- **TASK DESCRIPTION**
Working from the data below, write out exactly the lines from its first through the line that contains "Let's go ahead", both ends included and pictures omitted.

- **DATA PROVIDED**
*** Begin section ***
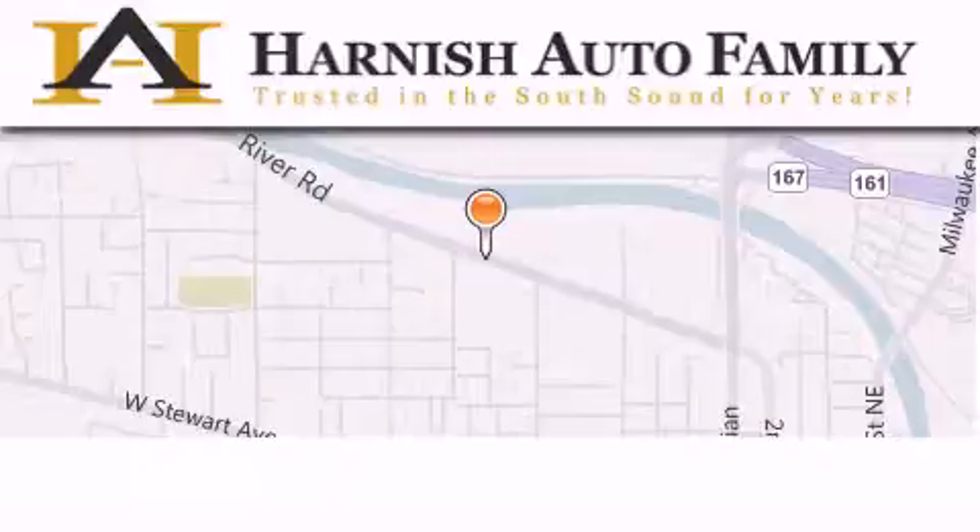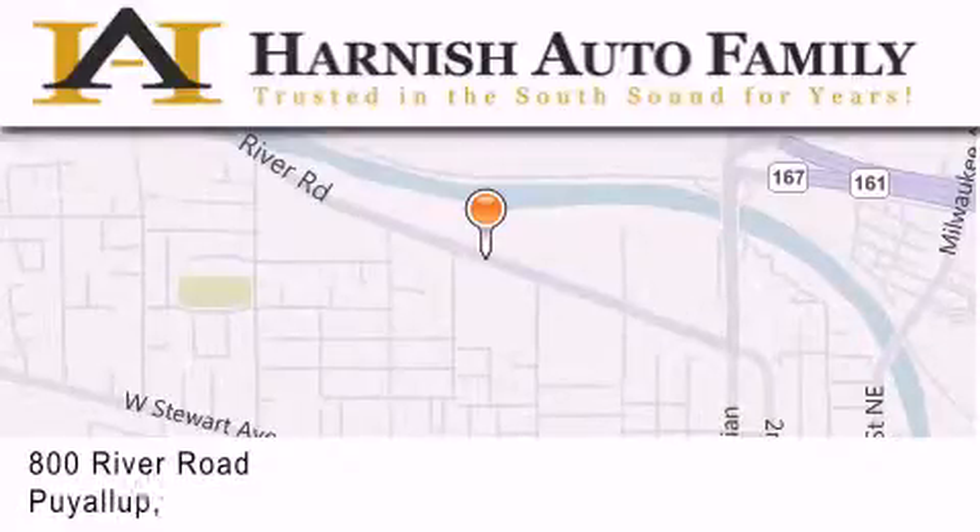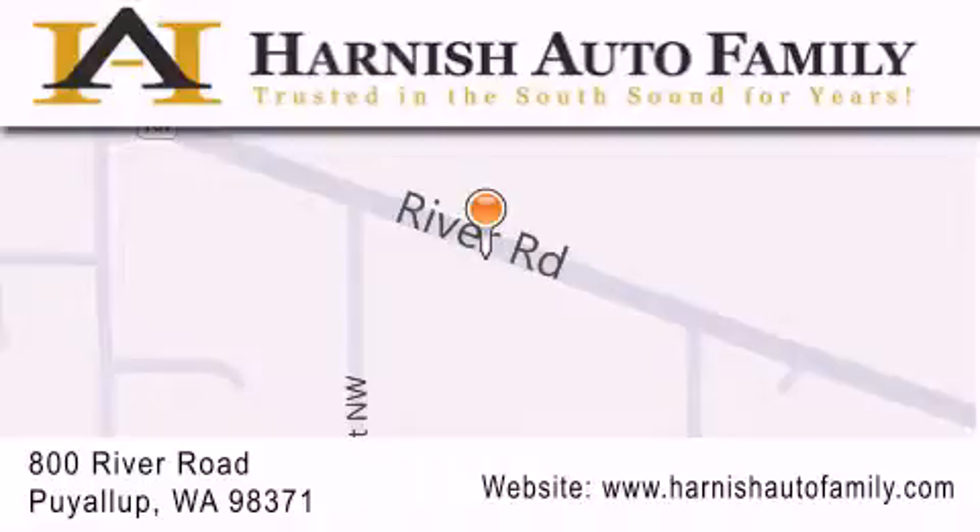Harnish Auto Family is located at 800 River Road in Puyallup. Our goal is to exceed all of your expectations to ensure that you'll return for future visits.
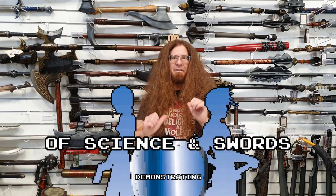Hey Loparinos, it is Avi from Science and Swords here once again with another new product review for you. Today we're going to be checking out a new throwing axe from Epic Armory.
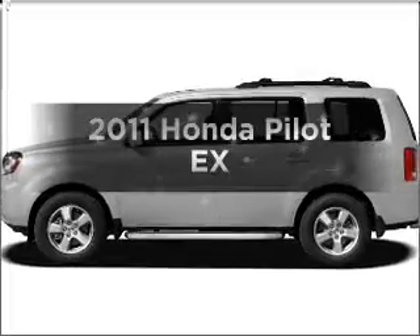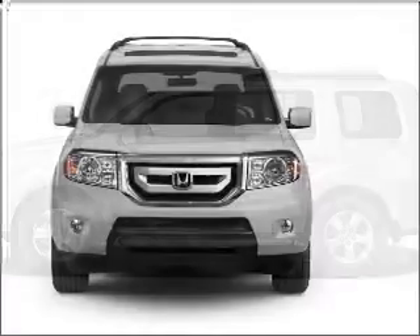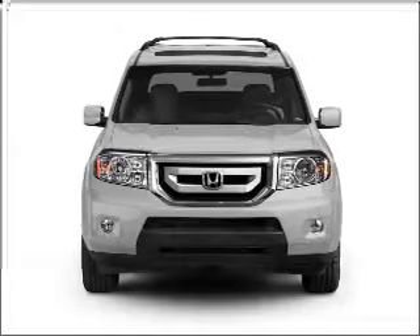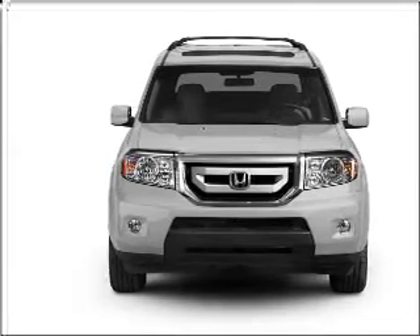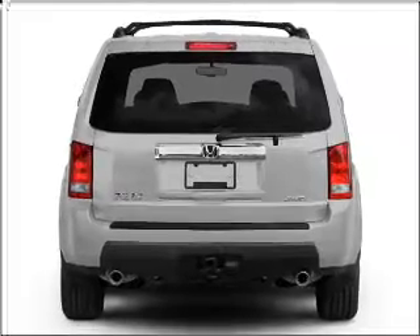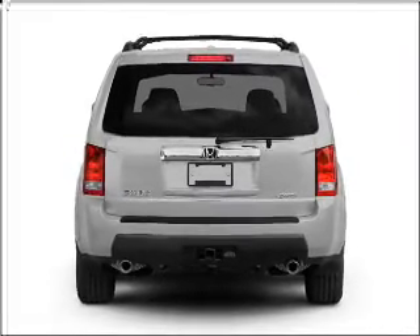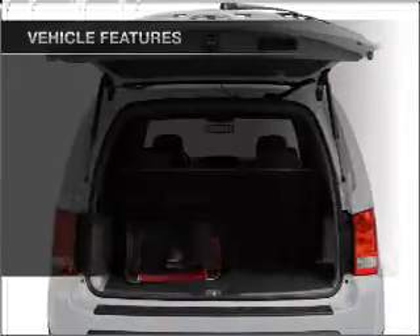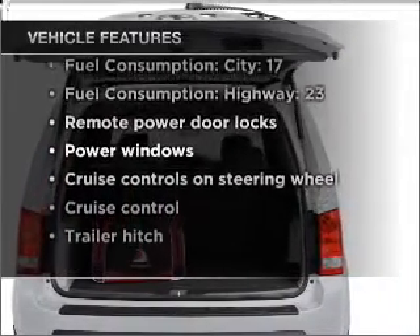Imagine yourself in this 2011 Honda Pilot. Everything you need under one roof with this great vehicle. With a solid 6-cylinder engine that responds smoothly to its 5-speed automatic transmission, premium wheels give a more luxurious look. Brake safely with the anti-lock braking system. With these notable features, you won't want to miss out on the opportunity to own this amazing vehicle.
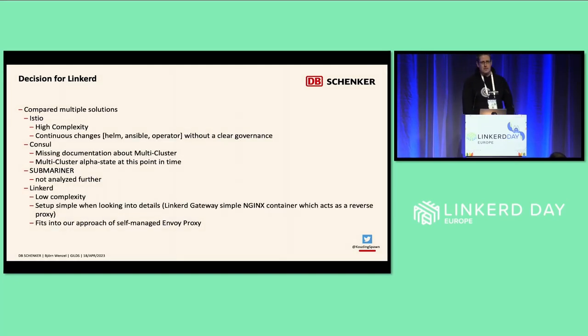We looked around at potential alternatives to support the cloud migration. We came up with Istio on one side, but it was very complex and continuously changing — at that point in time there was a missing clear governance, in my opinion. Consul was very alpha at that point. Submariner we did not really consider further. But then we came to Linkerd, and their multi-cluster approach is quite simple — it is based on an Nginx container acting as a gateway and handling the usual MTLS-related topics.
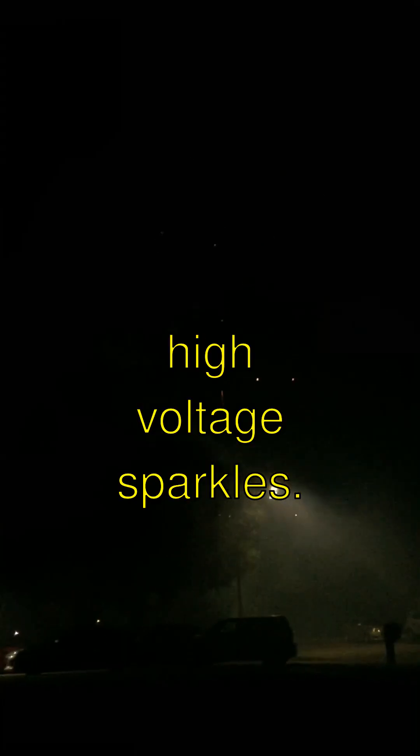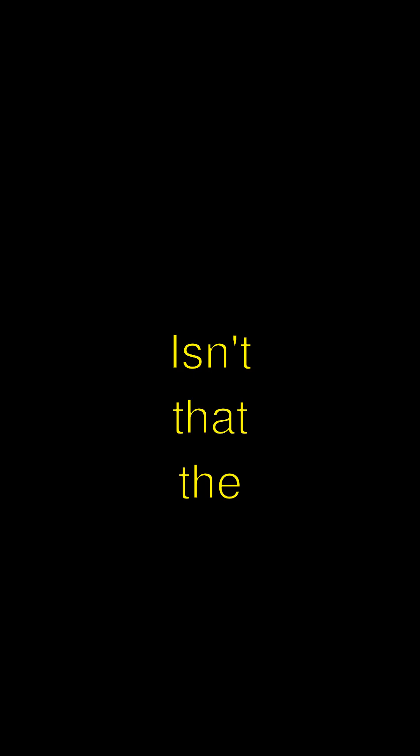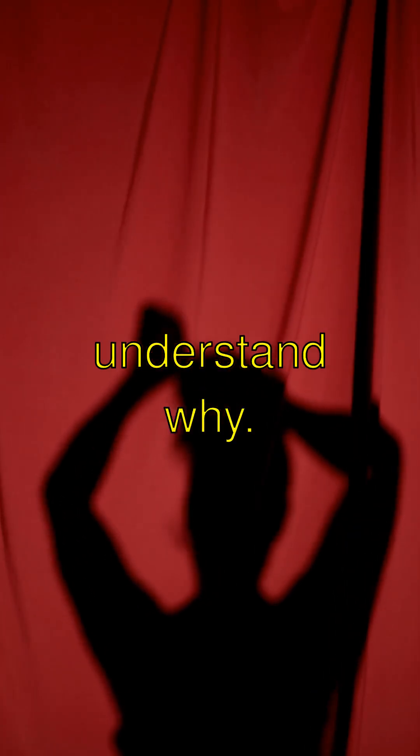The Magic of Ball Lightning — High Voltage Sparkles! Guess what? Ball lightning is like a glowing orb of light that floats in the sky. Isn't that the coolest thing ever? It happens during thunderstorms, but we don't completely understand why.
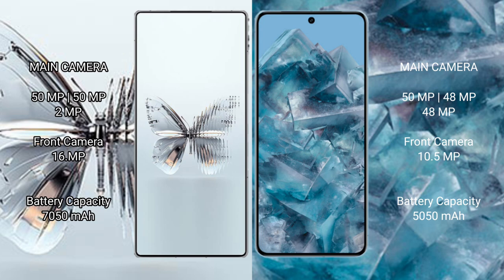Red Magic 10 Pro Plus has a 7050mAh battery with 120W fast charging support. Google Pixel 8 Pro has a 5050mAh battery with 30W fast charging support.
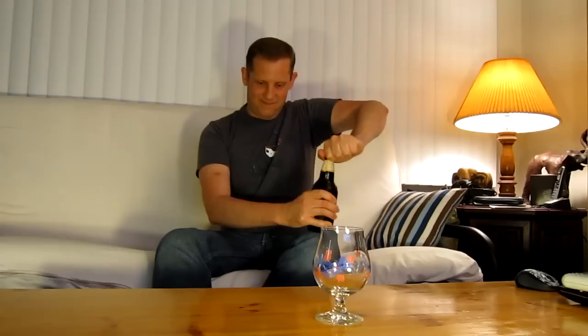Let's go ahead and open this up and see what we got. There it goes. They are twist-off, so they can be difficult sometimes.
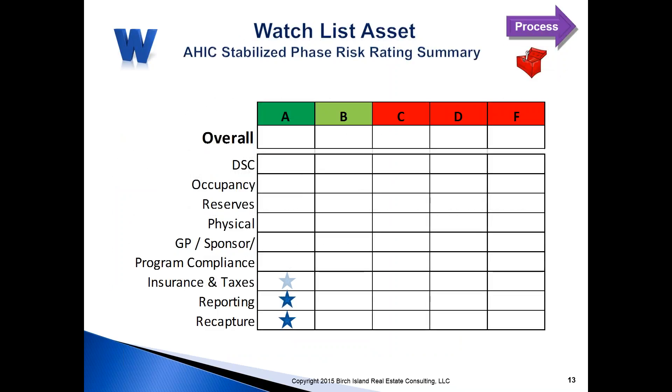Here is just a quick example — a project that scores very well on most criteria, a stabilized project, but due to a poor debt service coverage ratio, ends up with an overall risk rating of a C. Is that a big deal? Well, it certainly is something the investor is going to want to know about. This color coding you see here is not part of any AHIC guideline you'll find. While all the criteria belong to AHIC, the A through F green and red are something I have developed for presentation purposes.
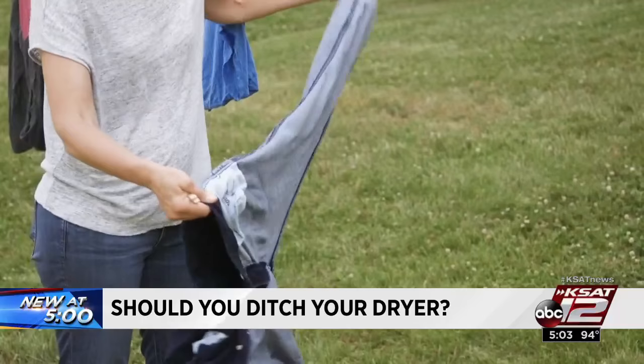Finally, line drying also means fresh air and a fresh scent. Marilyn Moritz, KSAT 12 News.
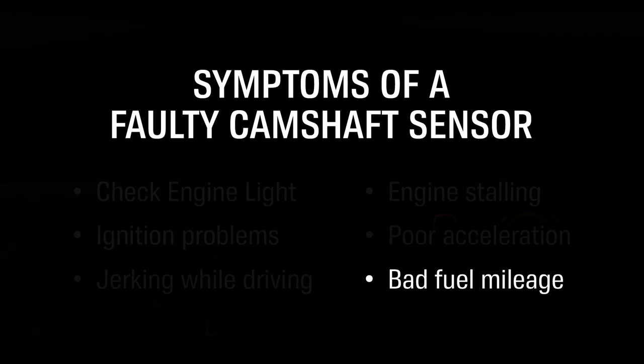Bad fuel mileage. A bad camshaft sensor can even have the opposite effect, sending too much fuel into your engine and affecting your gas mileage.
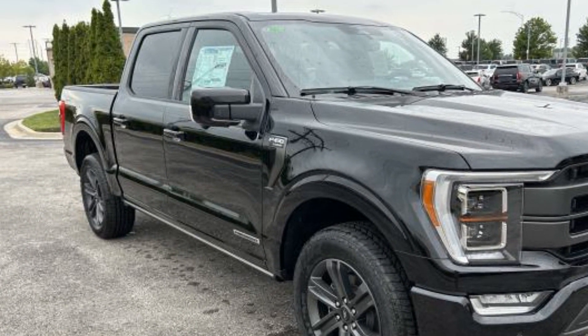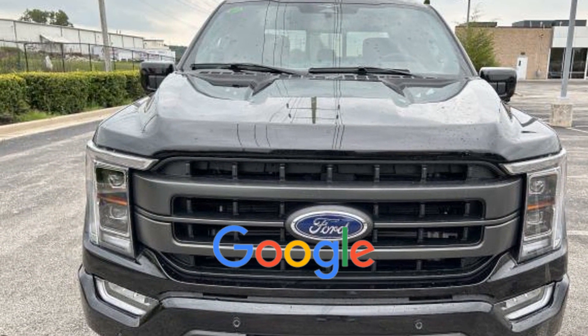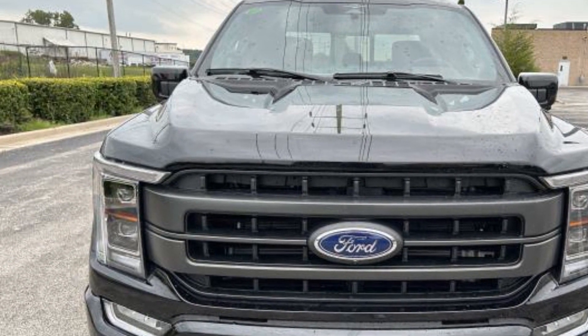Air Conditioning, ABS, Power Locks, Heated Front Seats. This is a top rated dealer. Get a fast and easy price quote today.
*** End section ***
- **SOLUTION**
Harnish Auto Family is located at 800 River Road in Puyallup. Our goal is to exceed all of your expectations to ensure that you'll return for future visits.
Hey Loparinos, it is Avi from Science and Swords here once again with another new product review for you. Today we're going to be checking out a new throwing axe from Epic Armory.
Imagine yourself in this 2011 Honda Pilot. Everything you need under one roof with this great vehicle. With a solid 6-cylinder engine that responds smoothly to its 5-speed automatic transmission, premium wheels give a more luxurious look. Brake safely with the anti-lock braking system. With these notable features, you won't want to miss out on the opportunity to own this amazing vehicle.
We looked around at potential alternatives to support the cloud migration. We came up with Istio on one side, but it was very complex and continuously changing — at that point in time there was a missing clear governance, in my opinion. Consul was very alpha at that point. Submariner we did not really consider further. But then we came to Linkerd, and their multi-cluster approach is quite simple — it is based on an Nginx container acting as a gateway and handling the usual MTLS-related topics.
The Magic of Ball Lightning — High Voltage Sparkles! Guess what? Ball lightning is like a glowing orb of light that floats in the sky. Isn't that the coolest thing ever? It happens during thunderstorms, but we don't completely understand why.
Red Magic 10 Pro Plus has a 7050mAh battery with 120W fast charging support. Google Pixel 8 Pro has a 5050mAh battery with 30W fast charging support.
Let's go ahead and open this up and see what we got. There it goes. They are twist-off, so they can be difficult sometimes.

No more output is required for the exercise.